**The task**. A faithful copy is needed. Set down all of the data below exactly.

Records excerpted from a collection:

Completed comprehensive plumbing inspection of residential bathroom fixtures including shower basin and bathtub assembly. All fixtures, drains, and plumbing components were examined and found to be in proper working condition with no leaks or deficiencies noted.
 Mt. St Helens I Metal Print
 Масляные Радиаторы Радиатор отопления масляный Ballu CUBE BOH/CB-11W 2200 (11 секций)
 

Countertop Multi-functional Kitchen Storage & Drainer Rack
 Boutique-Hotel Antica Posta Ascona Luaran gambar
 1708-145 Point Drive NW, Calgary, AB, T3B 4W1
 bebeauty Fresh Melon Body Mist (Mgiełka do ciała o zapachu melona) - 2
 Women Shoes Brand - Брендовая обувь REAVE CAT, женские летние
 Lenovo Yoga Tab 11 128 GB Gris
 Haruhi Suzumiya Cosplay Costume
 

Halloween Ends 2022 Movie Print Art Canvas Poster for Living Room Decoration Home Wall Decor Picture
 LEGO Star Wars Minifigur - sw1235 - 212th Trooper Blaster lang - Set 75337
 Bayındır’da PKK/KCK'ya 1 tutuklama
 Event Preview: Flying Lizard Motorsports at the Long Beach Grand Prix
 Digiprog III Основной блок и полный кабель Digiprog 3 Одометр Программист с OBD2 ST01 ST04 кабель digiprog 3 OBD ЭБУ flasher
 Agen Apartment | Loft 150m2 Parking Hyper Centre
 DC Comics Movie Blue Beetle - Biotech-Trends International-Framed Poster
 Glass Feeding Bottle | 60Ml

**Response to the exercise**.
Completed comprehensive plumbing inspection of residential bathroom fixtures including shower basin and bathtub assembly. All fixtures, drains, and plumbing components were examined and found to be in proper working condition with no leaks or deficiencies noted.
 Mt. St Helens I Metal Print
 Масляные Радиаторы Радиатор отопления масляный Ballu CUBE BOH/CB-11W 2200 (11 секций)
 

Countertop Multi-functional Kitchen Storage & Drainer Rack
 Boutique-Hotel Antica Posta Ascona Luaran gambar
 1708-145 Point Drive NW, Calgary, AB, T3B 4W1
 bebeauty Fresh Melon Body Mist (Mgiełka do ciała o zapachu melona) - 2
 Women Shoes Brand - Брендовая обувь REAVE CAT, женские летние
 Lenovo Yoga Tab 11 128 GB Gris
 Haruhi Suzumiya Cosplay Costume
 

Halloween Ends 2022 Movie Print Art Canvas Poster for Living Room Decoration Home Wall Decor Picture
 LEGO Star Wars Minifigur - sw1235 - 212th Trooper Blaster lang - Set 75337
 Bayındır’da PKK/KCK'ya 1 tutuklama
 Event Preview: Flying Lizard Motorsports at the Long Beach Grand Prix
 Digiprog III Основной блок и полный кабель Digiprog 3 Одометр Программист с OBD2 ST01 ST04 кабель digiprog 3 OBD ЭБУ flasher
 Agen Apartment | Loft 150m2 Parking Hyper Centre
 DC Comics Movie Blue Beetle - Biotech-Trends International-Framed Poster
 Glass Feeding Bottle | 60Ml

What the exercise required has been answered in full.